Unfortunately Dorothy stopped the video before you could see Gimme's direct route out of the maze (both times). If we ever do this again, I'll ask her to film Gimme's exit too.


Interior 1 video - I was surprised to see Gimme solved this maze in 1:21, since it seemed much longer to me. Gimme found the entry in 20 seconds; got the first hide 5 seconds later with 46 seconds between it and the last hide.

Interior 2 video - Between runs, they changed the maze. We also entered/started from the other door to give them a completely different picture. Gimme took longer to find the entry, 41 seconds; got the first hide 15 seconds later, but only 38 seconds between it and the last hide.

Gimme thought this was six kinds of fun. Knowing how she can be, we were all amazed that she didn't deconstruct the maze to get to the hides. She certainly could have and has shoved stuff out of her way to get to hides in the past.

I thought she enjoyed the maze searches last week and now, again this week. I know I did. I think this could be a whole new nosework class. I'd enter just to watch her work it out. I wish I had enough stuff to make mazes of my own.

I have to add, I find corn mazes very creepy and you'd have to pay me a LOT to get me to go in one again. Just sayin...

Monday, April 24, 2017

RFE practice (41)

I was trying something a little different. I brought Gimme's matt to use for a reset when she starts offering me behaviors when I don't want offering. It didn't work for what I intended, but did have other benefits. One of the drawbacks is the inability to use my timer to tell me when I should be getting ready to end the session, since there's no way to accurately determine in advance how many 1 minute matt resets we might do. Thus the sessions are longer than I want, even factoring out the time on the matt.

Session 1 video - We started out working out the distraction issue with the stuffed toys J'Anna had set up for the prop weave.

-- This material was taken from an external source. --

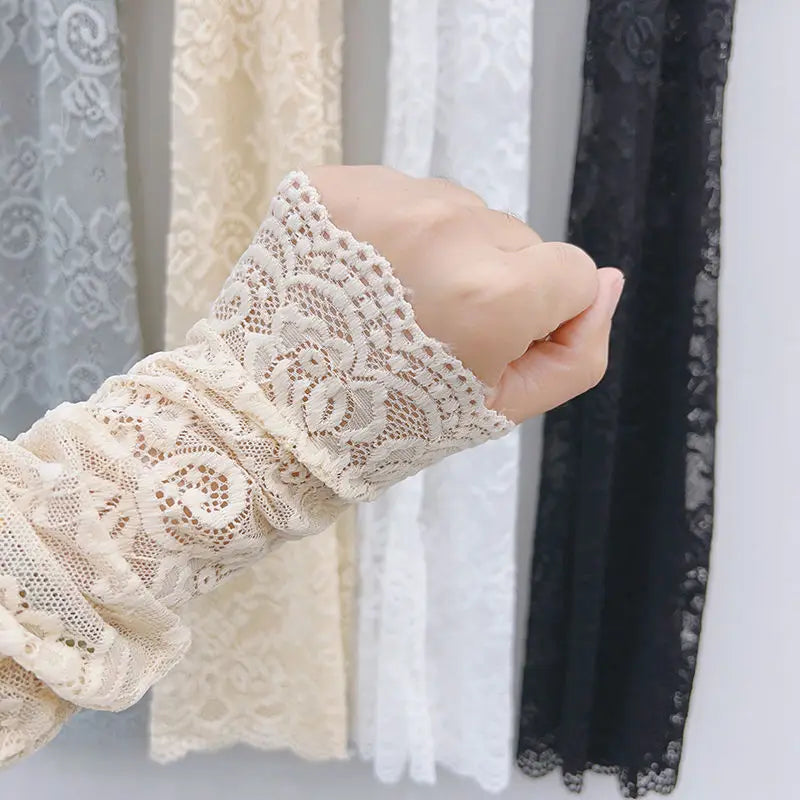 Women Lace Sunscreen Arm Sleeves Floral Lace Design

Once Gimme realized we were playing the distraction game, then she did really nicely. We did this on both sides. Gimme's heeling was pretty loose, but I was willing to accept it as long as she was ignoring the toys. Then we did "pivot" on J'Anna's prop. After I took her leash off, we tinkered with side-stepping. I think Gimme will be better at this when she understands it. She's better stepping to her right, which is her best direction on most things. Going to her left went much better when I waited until she shifted in that direction and then moved with her, otherwise she kept trying to "Otto". Tossed a few treats to let her loosen up and move out. Then did treat tossing to set her up for "thru-heel" and "thru-side". I don't reward any instance where she does a backspin behind me before coming up into the correct position. I thought we had this sorted out, but perhaps its asking too much of her to hear and respond to a compound cue when she's already moving. She seemed to do better when she was close to me and/or not moving when she heard the cue. I have some other ideas to work on this. We started to work on "take-a" bow alignment. I first gave her treats for standing balanced and then lured "take-a". The first one was really nice, but then she started offering, assuming she knew what to do next (listening not required). We did matt reset. Then moved back to where we'd done it before (where I could see her whole body in the only mirror). She pattern trains so easily, so as soon as we got close, she starts offering "take-a", so fast I can't get in any rewards for waiting for the cue. After another reset, we did more heeling around the props and I sprung in another lured "take-a". We ended with a bit of "thru-heel" and "thru-side" with mixed success. Editing out the resets and accounting for walking to/from the matt, this was a 10½-minute session - too long.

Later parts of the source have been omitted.